One of those pseudo-democratic fictions is the system of party elections. The party-state is run by a hierarchy of committees, with the central committee and its powerful bureaucracy being the pinnacle of the entire structure, a central government in everything but name.

The party committees at all levels are essentially self-appointed. Communist functionaries become members of the central committee pretty much in the same way as the Catholic clergy become cardinals – they are appointed by the current leaders, but not without consulting and lobbying at the lower levels. At any rate, no elections are involved. Lower-level committees are manned in a similar manner.

However, on paper the committees – including the central committee – are elected. In the Cold War era most communist parties once every few years staged a large and pompous convention that was known as a “party congress”. This was where the new central committee was “elected”.

Actually, the elections were a fiction, pure and simple. The congress obediently voted for a candidates’ list that had been drafted weeks or months beforehand by the central committee bureaucracy and approved by the leadership. The tradition required that support for the list during a public voting ritual should be unanimous, and this indeed was the case.

The party representatives who attended the congress – and they could number in thousands – were themselves selected through a similar procedure: appointed by the local party apparatchiks, they were then formally “elected” by the relevant party groups.

Some of the representatives were prominent bureaucrats and officials, but a majority came from the party rank-and-file. Exemplary milkmaids and steel workers were dispatched to the congress to demonstrate the broad support communist rule allegedly enjoyed among the ”masses”. Nobody expected from them any meaningful discussion of political issues, and in most cases any attempt at such discussion would be promptly suppressed.
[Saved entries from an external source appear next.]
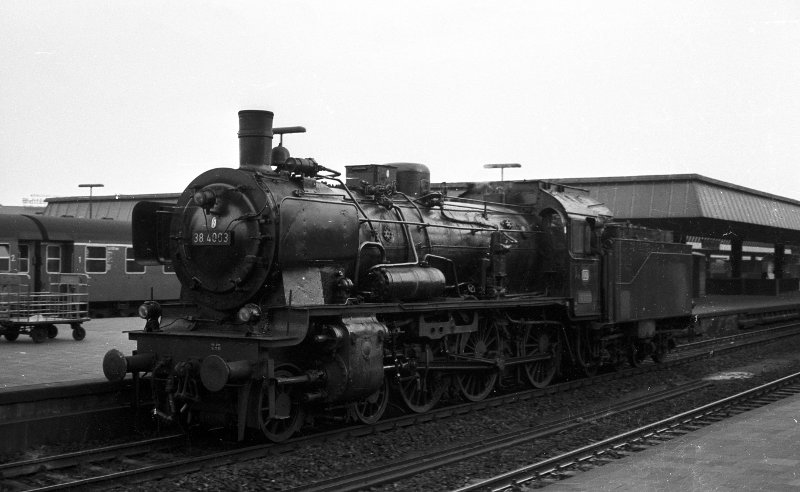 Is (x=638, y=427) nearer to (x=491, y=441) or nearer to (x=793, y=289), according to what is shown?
(x=491, y=441)

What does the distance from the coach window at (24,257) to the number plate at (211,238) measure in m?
14.1

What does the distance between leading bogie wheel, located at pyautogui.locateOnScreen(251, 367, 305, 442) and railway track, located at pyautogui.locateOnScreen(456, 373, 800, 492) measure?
2.50m

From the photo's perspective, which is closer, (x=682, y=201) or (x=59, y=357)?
(x=59, y=357)

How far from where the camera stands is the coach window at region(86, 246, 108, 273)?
78.3 feet

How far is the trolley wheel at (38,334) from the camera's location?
16.1 meters

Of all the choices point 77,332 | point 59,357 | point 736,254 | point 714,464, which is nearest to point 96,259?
point 77,332

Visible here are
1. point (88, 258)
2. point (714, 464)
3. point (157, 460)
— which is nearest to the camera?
point (714, 464)

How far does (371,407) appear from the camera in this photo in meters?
10.4

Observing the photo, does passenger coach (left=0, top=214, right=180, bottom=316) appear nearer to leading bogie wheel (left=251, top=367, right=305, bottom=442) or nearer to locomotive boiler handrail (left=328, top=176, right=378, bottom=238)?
locomotive boiler handrail (left=328, top=176, right=378, bottom=238)

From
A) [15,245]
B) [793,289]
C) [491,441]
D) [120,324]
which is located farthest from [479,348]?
[793,289]

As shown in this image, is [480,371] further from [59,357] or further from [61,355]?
[61,355]

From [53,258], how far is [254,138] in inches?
603

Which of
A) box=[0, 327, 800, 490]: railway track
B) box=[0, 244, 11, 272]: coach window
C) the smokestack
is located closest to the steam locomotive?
the smokestack

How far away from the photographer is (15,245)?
21203mm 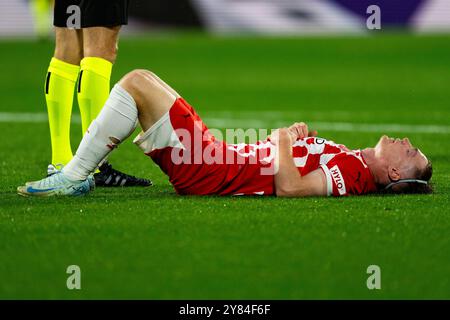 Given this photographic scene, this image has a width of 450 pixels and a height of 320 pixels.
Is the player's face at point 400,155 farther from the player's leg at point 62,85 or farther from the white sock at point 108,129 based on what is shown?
the player's leg at point 62,85

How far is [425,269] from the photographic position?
3.96m

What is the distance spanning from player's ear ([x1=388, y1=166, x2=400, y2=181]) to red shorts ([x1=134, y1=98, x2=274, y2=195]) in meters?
0.66

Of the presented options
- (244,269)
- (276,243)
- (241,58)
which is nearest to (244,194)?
(276,243)

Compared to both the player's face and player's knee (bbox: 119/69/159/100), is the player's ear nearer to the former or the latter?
the player's face

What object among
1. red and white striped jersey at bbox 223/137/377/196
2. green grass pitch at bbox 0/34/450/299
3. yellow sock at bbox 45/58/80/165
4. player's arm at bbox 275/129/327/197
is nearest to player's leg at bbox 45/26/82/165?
yellow sock at bbox 45/58/80/165

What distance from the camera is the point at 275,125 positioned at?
999 centimetres

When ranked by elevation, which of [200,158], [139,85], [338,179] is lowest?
[338,179]

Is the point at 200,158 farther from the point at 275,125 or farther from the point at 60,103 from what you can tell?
the point at 275,125

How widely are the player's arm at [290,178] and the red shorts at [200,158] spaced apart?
0.08 meters

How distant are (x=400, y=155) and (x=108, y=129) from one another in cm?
160

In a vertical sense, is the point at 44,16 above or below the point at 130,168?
above

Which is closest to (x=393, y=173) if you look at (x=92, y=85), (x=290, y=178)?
(x=290, y=178)

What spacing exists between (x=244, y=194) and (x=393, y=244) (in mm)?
1278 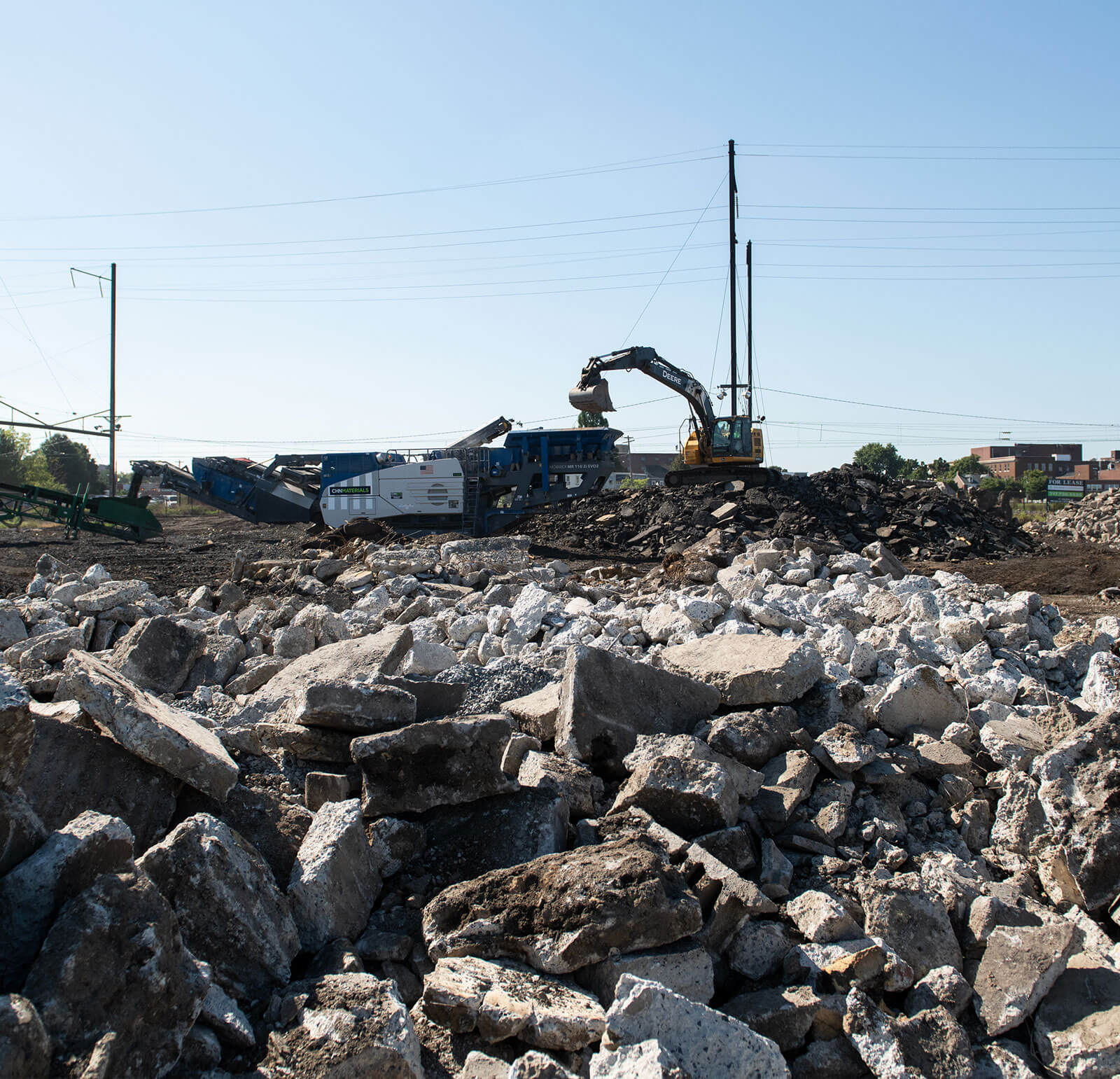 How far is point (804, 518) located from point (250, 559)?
1012 centimetres

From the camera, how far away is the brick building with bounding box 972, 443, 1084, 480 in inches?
3423

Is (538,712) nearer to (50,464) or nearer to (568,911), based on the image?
(568,911)

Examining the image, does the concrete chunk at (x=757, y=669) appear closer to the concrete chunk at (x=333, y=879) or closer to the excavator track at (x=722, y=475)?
the concrete chunk at (x=333, y=879)

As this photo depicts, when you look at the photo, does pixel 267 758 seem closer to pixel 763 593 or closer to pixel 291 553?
pixel 763 593

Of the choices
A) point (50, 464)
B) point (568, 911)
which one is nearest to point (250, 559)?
point (568, 911)

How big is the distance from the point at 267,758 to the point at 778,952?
241 cm

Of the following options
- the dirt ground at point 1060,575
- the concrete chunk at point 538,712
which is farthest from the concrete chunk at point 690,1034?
the dirt ground at point 1060,575

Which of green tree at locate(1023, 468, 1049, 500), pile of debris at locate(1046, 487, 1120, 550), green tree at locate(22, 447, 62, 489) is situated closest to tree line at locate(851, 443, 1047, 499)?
green tree at locate(1023, 468, 1049, 500)

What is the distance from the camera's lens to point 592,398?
18.3m

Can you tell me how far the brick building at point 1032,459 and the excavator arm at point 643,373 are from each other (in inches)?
2909

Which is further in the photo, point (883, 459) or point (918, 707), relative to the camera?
point (883, 459)

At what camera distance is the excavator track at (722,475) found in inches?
789

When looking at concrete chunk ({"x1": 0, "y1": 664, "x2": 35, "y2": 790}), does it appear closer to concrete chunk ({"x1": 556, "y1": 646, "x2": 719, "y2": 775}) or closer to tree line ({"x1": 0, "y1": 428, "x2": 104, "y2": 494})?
concrete chunk ({"x1": 556, "y1": 646, "x2": 719, "y2": 775})

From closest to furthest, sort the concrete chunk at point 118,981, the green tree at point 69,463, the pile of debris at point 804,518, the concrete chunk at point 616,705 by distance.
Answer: the concrete chunk at point 118,981 < the concrete chunk at point 616,705 < the pile of debris at point 804,518 < the green tree at point 69,463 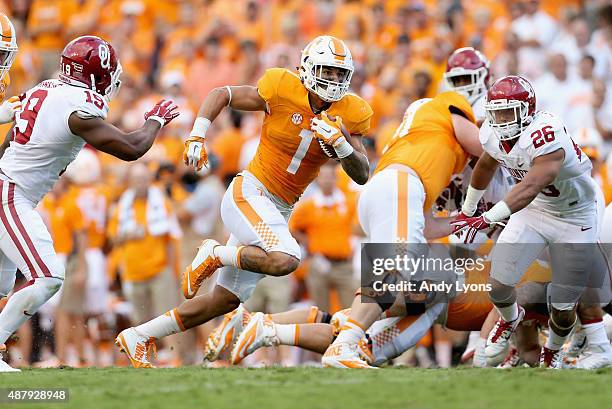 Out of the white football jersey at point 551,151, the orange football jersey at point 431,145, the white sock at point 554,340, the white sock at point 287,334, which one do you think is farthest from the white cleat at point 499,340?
the white sock at point 287,334

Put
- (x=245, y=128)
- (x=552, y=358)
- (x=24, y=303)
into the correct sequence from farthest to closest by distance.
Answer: (x=245, y=128)
(x=552, y=358)
(x=24, y=303)

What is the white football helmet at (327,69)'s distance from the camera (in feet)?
24.3

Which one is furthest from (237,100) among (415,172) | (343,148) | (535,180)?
(535,180)

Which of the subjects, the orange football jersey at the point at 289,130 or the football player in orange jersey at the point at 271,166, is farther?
the orange football jersey at the point at 289,130

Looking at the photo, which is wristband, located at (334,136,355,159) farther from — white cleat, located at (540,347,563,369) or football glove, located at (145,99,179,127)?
white cleat, located at (540,347,563,369)

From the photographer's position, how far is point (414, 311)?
8.04 m

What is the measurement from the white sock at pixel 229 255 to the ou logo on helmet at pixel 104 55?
133cm

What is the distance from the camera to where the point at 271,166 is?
765 centimetres

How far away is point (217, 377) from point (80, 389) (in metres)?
0.79

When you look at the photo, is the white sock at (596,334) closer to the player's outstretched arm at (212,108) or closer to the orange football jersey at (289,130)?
the orange football jersey at (289,130)

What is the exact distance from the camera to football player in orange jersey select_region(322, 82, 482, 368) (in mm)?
7887

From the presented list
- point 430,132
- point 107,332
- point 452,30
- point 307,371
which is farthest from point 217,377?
point 452,30

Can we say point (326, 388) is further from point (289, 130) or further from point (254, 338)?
point (289, 130)

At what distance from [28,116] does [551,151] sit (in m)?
3.14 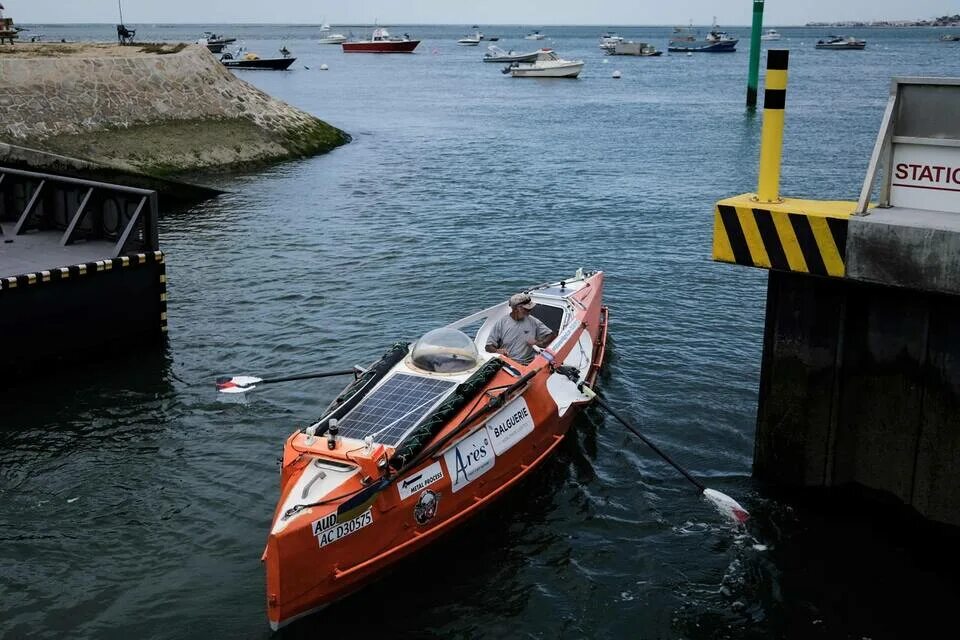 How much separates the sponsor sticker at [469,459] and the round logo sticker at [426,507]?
322mm

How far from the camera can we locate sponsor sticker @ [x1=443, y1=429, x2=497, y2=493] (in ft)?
36.2

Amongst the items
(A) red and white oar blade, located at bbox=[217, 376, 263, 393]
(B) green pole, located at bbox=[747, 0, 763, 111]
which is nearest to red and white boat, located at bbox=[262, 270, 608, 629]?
(A) red and white oar blade, located at bbox=[217, 376, 263, 393]

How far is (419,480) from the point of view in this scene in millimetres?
10562

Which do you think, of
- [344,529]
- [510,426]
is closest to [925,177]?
[510,426]

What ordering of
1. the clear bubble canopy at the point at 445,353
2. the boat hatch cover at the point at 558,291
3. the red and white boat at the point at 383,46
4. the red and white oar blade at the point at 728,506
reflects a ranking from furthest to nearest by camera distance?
the red and white boat at the point at 383,46 → the boat hatch cover at the point at 558,291 → the clear bubble canopy at the point at 445,353 → the red and white oar blade at the point at 728,506

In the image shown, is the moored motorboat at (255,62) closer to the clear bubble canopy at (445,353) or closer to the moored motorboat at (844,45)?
the moored motorboat at (844,45)

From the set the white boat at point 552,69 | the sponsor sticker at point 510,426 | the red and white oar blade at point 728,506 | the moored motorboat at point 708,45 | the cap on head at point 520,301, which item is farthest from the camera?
the moored motorboat at point 708,45

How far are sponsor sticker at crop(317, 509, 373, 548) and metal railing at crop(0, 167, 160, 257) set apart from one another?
32.3 ft

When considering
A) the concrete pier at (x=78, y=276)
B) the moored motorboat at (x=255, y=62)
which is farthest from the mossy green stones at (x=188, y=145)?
the moored motorboat at (x=255, y=62)

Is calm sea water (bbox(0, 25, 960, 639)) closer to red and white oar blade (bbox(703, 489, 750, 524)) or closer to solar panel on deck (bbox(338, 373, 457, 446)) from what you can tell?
red and white oar blade (bbox(703, 489, 750, 524))

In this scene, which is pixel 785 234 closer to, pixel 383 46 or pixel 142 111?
pixel 142 111

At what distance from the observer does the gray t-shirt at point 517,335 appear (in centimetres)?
1374

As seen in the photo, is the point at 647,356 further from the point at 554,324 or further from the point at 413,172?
the point at 413,172

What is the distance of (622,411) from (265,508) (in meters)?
6.01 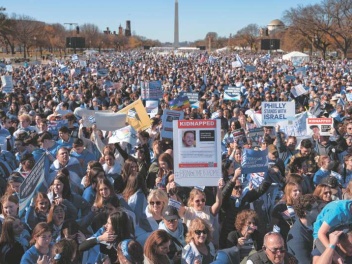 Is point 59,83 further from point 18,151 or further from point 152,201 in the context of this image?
point 152,201

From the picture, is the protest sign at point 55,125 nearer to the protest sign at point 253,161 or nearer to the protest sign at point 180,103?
the protest sign at point 180,103

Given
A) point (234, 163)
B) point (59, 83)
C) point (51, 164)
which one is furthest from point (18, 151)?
point (59, 83)

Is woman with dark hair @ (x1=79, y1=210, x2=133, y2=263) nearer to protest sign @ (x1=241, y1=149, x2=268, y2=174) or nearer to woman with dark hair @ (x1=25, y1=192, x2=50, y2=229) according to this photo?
woman with dark hair @ (x1=25, y1=192, x2=50, y2=229)

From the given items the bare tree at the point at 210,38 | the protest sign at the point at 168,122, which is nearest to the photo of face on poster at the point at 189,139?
the protest sign at the point at 168,122

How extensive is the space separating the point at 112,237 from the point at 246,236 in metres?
1.28

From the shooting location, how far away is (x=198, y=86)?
22.0m

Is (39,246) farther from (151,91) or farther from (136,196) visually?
(151,91)

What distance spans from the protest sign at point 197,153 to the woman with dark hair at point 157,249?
1670mm

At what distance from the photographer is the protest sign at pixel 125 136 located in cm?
902

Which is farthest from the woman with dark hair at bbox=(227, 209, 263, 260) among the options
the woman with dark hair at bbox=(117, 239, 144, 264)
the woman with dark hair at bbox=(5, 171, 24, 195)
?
the woman with dark hair at bbox=(5, 171, 24, 195)

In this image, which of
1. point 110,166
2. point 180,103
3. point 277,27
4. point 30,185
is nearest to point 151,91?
point 180,103

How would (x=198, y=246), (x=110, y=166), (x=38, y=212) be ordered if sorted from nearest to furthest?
(x=198, y=246)
(x=38, y=212)
(x=110, y=166)

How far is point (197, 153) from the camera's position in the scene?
5809mm

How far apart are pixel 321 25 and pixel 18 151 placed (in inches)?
2550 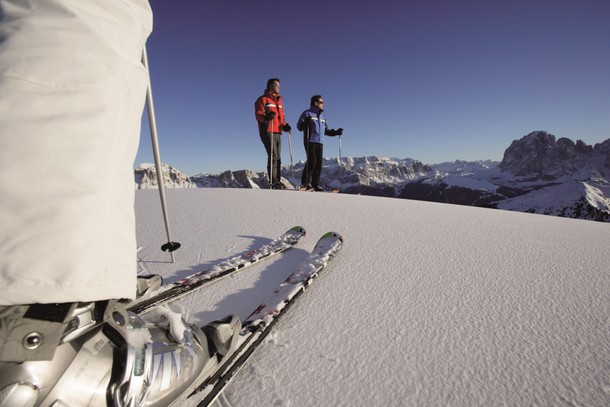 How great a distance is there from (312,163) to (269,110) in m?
1.96

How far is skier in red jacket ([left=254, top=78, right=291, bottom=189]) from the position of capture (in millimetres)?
7602

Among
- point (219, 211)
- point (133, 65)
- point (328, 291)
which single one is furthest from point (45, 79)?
point (219, 211)

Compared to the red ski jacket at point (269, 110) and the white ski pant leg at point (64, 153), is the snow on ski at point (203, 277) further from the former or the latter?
the red ski jacket at point (269, 110)

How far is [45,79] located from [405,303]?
6.31 ft

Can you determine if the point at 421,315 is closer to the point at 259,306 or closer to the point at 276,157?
the point at 259,306

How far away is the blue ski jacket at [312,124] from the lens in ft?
26.5

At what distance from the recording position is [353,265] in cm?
237

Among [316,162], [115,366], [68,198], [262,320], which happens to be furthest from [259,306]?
[316,162]

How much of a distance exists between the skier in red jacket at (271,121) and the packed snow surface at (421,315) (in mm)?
4887

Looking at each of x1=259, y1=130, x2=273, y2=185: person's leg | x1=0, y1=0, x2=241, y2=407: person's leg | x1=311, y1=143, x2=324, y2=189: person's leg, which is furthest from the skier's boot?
x1=311, y1=143, x2=324, y2=189: person's leg

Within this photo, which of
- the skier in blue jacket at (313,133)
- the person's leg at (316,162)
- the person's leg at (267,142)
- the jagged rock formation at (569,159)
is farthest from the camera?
the jagged rock formation at (569,159)

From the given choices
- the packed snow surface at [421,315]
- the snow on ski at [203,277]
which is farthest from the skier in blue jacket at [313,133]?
the snow on ski at [203,277]

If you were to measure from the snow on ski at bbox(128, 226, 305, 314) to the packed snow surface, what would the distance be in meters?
0.07

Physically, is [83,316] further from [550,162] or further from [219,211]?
[550,162] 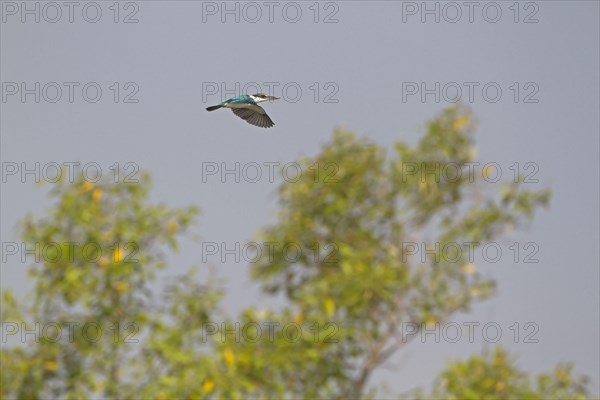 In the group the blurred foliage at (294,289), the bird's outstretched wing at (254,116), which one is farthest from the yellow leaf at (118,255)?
the bird's outstretched wing at (254,116)

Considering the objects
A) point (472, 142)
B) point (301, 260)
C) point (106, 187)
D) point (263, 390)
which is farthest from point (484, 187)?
point (106, 187)

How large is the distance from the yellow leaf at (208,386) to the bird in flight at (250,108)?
43.0 feet

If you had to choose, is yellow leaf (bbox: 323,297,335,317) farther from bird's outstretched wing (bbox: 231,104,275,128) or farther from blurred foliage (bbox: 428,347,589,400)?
bird's outstretched wing (bbox: 231,104,275,128)

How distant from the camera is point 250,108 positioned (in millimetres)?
27828

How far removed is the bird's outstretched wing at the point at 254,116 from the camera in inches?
1099

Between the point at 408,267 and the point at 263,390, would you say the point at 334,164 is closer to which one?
the point at 408,267

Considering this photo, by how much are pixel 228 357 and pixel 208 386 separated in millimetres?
460

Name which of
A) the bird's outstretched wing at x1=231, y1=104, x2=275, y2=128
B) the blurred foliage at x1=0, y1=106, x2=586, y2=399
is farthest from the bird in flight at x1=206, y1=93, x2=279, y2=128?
the blurred foliage at x1=0, y1=106, x2=586, y2=399

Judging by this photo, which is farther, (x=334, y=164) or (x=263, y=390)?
(x=334, y=164)

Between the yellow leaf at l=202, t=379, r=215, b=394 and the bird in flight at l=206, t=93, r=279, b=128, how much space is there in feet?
43.0

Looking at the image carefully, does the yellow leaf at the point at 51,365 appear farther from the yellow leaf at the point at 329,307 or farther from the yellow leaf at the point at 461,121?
the yellow leaf at the point at 461,121

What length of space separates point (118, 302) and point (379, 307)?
3.53m

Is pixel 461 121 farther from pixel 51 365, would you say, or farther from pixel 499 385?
pixel 51 365

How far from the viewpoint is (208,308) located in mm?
15797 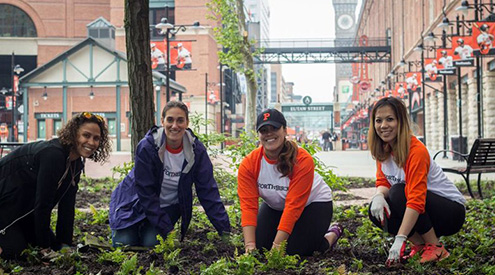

A party congress had other important functions. It was the place where the party supreme leader, usually known as its “general secretary”, delivered a speech in which he described the achievements of the party as well as the universal love and admiration it enjoyed among the people.

He also used the opportunity to criticize scheming enemies and remind about the need to remain vigilant. These speeches could be very lengthy. For example, in 1956, Kim Il-sung, the founder of the North Korean state and father of present dictator Kim Jong-il, spent six hours reading a voluminous text of such speech, and during party congresses in the Soviet Union in the 1970s, Leonid Brezhnev, the top Soviet leader, usually spent three of four hours reading similar texts in his less then audible voice. Kremlinologists, however, unlike the unlucky audience, had a field day with these speeches since among the boring nonsense there were some important hints that could indicate the direction a particular state was going to take.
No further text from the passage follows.